**Required action:** Could you copy each line of the listing below that has the word "Limited"?

____ Recorded data

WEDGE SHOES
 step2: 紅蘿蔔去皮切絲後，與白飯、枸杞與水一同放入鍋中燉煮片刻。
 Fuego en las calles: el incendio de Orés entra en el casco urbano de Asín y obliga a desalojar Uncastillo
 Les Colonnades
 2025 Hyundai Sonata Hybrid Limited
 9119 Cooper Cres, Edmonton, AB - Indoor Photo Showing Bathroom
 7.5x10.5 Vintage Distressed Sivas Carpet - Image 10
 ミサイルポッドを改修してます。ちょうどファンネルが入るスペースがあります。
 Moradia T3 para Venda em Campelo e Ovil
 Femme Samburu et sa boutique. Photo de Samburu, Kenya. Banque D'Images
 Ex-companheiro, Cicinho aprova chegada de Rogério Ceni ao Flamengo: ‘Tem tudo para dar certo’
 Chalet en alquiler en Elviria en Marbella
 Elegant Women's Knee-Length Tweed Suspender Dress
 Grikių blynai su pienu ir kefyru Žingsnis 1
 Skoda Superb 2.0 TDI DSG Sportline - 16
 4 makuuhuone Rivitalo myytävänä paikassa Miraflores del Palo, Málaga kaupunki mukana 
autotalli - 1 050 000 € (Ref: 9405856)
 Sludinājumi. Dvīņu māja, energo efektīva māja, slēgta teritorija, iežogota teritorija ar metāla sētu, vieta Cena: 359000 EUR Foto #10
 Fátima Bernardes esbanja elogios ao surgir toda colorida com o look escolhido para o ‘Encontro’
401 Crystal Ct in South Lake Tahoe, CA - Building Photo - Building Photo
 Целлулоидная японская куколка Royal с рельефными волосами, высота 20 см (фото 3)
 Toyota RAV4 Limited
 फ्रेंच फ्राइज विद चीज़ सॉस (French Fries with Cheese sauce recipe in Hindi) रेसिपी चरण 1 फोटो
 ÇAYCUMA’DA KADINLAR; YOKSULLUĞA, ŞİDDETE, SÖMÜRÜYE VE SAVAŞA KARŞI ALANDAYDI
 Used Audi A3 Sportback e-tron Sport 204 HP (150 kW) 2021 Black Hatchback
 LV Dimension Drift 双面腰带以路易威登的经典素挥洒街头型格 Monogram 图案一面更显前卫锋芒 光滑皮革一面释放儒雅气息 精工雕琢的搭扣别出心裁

________

**Expected answer:**
 2025 Hyundai Sonata Hybrid Limited
 Toyota RAV4 Limited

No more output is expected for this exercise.